2nd. Lesions of the walls of the cranium.
3d. Disorders of the cerebral circulation.
4th. Lesions of the spinal cord.
5th. Morbid states of the circulating blood (excess of urea, uric acid, creatinin, lead poisoning).
6th. Reflected irritation, as from dentition, worms, sexual excesses, injuries to certain nerves, notably the sciatic, or to particular parts of the skin.
1st. Brain lesions. Those which affect the medulla and the cortical convolutions around the fissure of Rolando would be expected to be implicated because these centres preside over the principal motor actions of the body and limbs. Yet though these parts are found to be affected with various morbid lesions in a certain number of cases of epilepsy, such lesions are exceptional, rather than the rule. In 20 cases of epilepsy in man, 15 showed no lesion whatever of the brain. Blocq and Marinesco, pupils of Charcot, recently made a critical examination of the medulla and Rolandic cortex in nine cases that died during the fit. All showed granular bodies (degenerated myelin or blood pigment) in the perivascular sheaths but they found these in disseminated sclerosis and even in healthy brains as well. The neuroglia cells of the first cortical layer contained black granules. Otherwise four cases had no change, while five showed sclerosis of the cortex. The medulla was sound in all cases excepting one which showed punctiform hæmorrhages. Visible lesions may be present in other parts of the brain; Wenzel long ago claimed constant lesion of the pituitary body. Beside the cerebral cortex, lesions have been found in the bulb, the hypoglossal nucleus, the olivary body, the hippocampi, the thalamus, the corpus striatum, the quadrigemini, the cerebellum, etc. Hughlings-Jackson who made an extended investigation of the subject concludes that any part of the gray matter of the encephalon may become over-excitable and give rise to a convulsive attack. Not only may the lesion be in any part of the brain, but it may be of any kind: meningitis, cerebritis, softening, tubercle, tumor, hydatid, embolism, or dropsy. Marie Bra found an extreme asymmetry of the cerebral lobes in epileptics. Kussmaul and others found stenosis of the vertebral canal and asymmetry of the two lateral halves of the medulla.
2nd. Cranial lesions. These consist largely in blows or falls upon the head, with osteitis, periostitis, fractures with depressions, fibrous neoplasia implicating or not the meninges and pressing on the brain, hæmorrhages from minute arteries, etc. The diagnosis of such lesions will often open a way to a successful treatment. Baker found most of the severe cases from head injuries.
3d. Disorders of the cerebral circulation.

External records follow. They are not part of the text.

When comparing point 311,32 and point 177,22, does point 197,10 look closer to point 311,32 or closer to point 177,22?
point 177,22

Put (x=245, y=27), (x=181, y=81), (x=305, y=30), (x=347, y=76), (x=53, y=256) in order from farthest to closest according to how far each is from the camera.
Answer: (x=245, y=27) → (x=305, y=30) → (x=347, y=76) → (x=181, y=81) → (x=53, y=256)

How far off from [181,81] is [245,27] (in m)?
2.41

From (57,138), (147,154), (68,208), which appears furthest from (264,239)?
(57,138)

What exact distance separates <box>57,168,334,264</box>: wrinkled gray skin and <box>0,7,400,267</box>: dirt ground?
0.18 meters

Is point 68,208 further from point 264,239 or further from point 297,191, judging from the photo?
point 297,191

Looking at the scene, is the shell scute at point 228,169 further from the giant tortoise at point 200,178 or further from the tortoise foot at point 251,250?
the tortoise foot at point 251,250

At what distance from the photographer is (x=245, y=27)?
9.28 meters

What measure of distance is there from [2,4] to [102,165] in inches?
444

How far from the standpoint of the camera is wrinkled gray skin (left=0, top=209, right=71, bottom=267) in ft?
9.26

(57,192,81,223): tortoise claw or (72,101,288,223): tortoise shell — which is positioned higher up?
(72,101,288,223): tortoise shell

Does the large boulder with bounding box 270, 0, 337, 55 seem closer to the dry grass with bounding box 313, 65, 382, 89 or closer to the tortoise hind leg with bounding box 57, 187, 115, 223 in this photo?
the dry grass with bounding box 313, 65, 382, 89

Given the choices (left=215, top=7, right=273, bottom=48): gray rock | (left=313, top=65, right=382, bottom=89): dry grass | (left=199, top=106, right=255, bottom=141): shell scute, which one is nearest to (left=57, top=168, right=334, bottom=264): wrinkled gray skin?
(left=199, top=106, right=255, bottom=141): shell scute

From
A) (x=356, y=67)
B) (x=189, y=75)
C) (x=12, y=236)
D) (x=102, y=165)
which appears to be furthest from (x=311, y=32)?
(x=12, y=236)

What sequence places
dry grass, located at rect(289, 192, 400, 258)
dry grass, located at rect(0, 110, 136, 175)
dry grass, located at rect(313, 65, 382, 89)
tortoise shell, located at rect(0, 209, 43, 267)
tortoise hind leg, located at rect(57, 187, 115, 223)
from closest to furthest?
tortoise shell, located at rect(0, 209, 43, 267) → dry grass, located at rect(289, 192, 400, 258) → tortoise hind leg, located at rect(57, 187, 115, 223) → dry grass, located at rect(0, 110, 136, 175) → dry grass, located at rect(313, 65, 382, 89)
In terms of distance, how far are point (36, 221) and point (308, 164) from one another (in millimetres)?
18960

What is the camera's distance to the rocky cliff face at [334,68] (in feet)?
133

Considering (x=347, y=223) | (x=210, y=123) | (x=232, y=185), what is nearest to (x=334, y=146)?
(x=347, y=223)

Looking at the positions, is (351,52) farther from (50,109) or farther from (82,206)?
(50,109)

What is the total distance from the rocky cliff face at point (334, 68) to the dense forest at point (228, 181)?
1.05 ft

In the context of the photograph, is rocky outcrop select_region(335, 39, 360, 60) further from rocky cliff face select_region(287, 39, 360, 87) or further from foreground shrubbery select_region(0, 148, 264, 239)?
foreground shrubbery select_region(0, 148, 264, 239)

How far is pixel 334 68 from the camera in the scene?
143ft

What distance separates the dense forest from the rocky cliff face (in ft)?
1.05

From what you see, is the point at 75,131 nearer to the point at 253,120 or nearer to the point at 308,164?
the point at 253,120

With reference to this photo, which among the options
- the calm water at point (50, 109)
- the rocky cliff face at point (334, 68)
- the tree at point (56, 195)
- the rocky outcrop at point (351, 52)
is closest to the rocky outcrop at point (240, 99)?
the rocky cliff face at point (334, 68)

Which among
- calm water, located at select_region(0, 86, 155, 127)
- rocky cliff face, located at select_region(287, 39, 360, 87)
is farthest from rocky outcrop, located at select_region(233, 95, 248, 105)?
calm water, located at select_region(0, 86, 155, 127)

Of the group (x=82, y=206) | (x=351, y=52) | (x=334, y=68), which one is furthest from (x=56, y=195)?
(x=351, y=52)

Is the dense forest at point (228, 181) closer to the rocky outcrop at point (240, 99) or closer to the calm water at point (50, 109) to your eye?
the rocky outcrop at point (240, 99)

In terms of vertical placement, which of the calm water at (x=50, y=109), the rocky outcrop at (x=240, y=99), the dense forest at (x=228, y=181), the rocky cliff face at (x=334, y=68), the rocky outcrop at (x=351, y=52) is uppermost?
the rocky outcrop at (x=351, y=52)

Burrows, Kussmaul and Turner showed that in animals, loss of consciousness and epileptiform convulsions followed on cerebral anæmia caused by profuse bleeding or by compression of the carotids. The same has been observed in surgical cases after ligation of one common carotid. Hermann caused convulsions in a rabbit by ligating both anterior and posterior venæ cavæ.

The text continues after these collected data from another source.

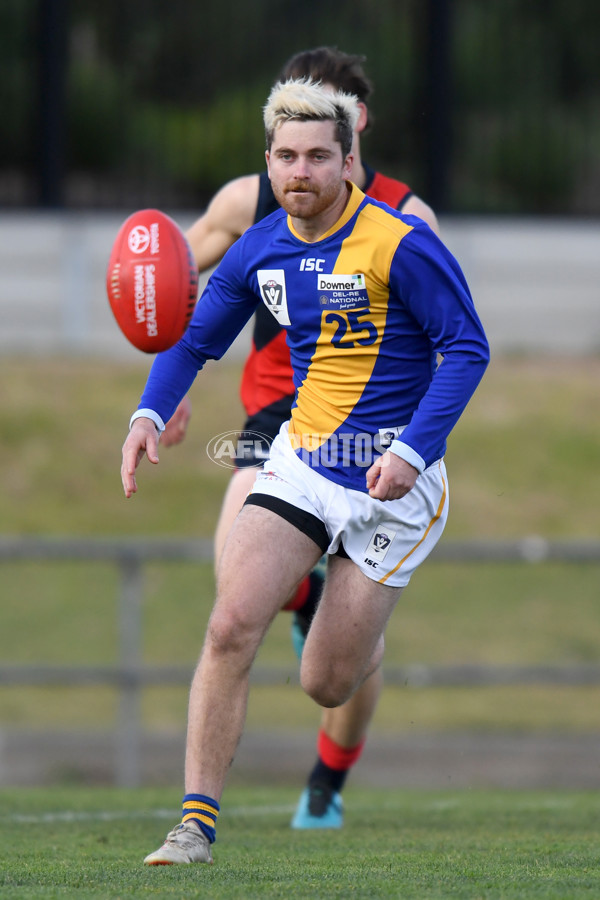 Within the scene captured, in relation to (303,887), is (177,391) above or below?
above

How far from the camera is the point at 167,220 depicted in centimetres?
430

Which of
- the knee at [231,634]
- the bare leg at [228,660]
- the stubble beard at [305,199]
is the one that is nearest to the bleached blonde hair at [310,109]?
the stubble beard at [305,199]

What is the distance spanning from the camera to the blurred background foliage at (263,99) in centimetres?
1337

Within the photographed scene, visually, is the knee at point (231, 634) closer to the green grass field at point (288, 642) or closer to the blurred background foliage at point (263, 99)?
the green grass field at point (288, 642)

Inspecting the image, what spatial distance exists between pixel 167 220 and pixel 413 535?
1.25 meters

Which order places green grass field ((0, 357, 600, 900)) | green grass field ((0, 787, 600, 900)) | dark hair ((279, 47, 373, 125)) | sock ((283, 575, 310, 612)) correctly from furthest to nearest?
sock ((283, 575, 310, 612))
dark hair ((279, 47, 373, 125))
green grass field ((0, 357, 600, 900))
green grass field ((0, 787, 600, 900))

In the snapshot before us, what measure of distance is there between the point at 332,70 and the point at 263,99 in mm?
8802

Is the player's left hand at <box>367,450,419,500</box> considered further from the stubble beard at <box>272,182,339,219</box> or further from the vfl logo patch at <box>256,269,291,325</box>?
the stubble beard at <box>272,182,339,219</box>

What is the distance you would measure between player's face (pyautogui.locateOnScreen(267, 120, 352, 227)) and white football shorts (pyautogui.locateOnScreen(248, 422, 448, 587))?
766mm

4th. Lesions of the Spinal Cord. Brown-Sequard determined epileptiform convulsions by transverse section of one-half of the spinal cord, or of its superior, lateral or inferior columns. The later development of the doctrine of interrupted spinal inhibition, suggests that, many of the seizures in question are but exaggerated spinal reflexes, which are no longer restrained by cerebral inhibition. That all are not of this spurious kind may be fairly inferred from his further demonstration that bruising of the great sciatic in animals tended to produce epilepsy. In such cases., the irritation of certain areas by pinching the skin, served to produce a seizure. Not only so, but the animals in which such artificial epilepsy had been induced tended to transmit the infirmity to their progeny. The prevailing view of epilepsy however, would consider such lesions as sources of peripheral irritation by which the brain is affected sympathetically, while the real explosion is the result of the sudden discharge of the pent up excitement caused in the encephalic centres by the irritation at such distant points.
5th. Morbid States of the Circulating Blood. Certain poisons, when brought in contact with encephalic nerve centres produce epileptic seizures. Gallerani and Lussana applied creatinin directly to the cerebral cortex and quickly induced epileptiform convulsions and choreiform movements. Injected subcutaneously it failed to produce the same effect. Cinchonoidin acted on the basal ganglia of the brain producing convulsions but no choreiform movement. Poisoning with lead, ergot, nitro-pentan, nitro-benzol and a number of other poisons brings about intermittent convulsive seizures. The same may be inferred of ptomaines and toxins, in the convulsions that appear in the advanced stages of infectious diseases (canine distemper, hog cholera, etc.).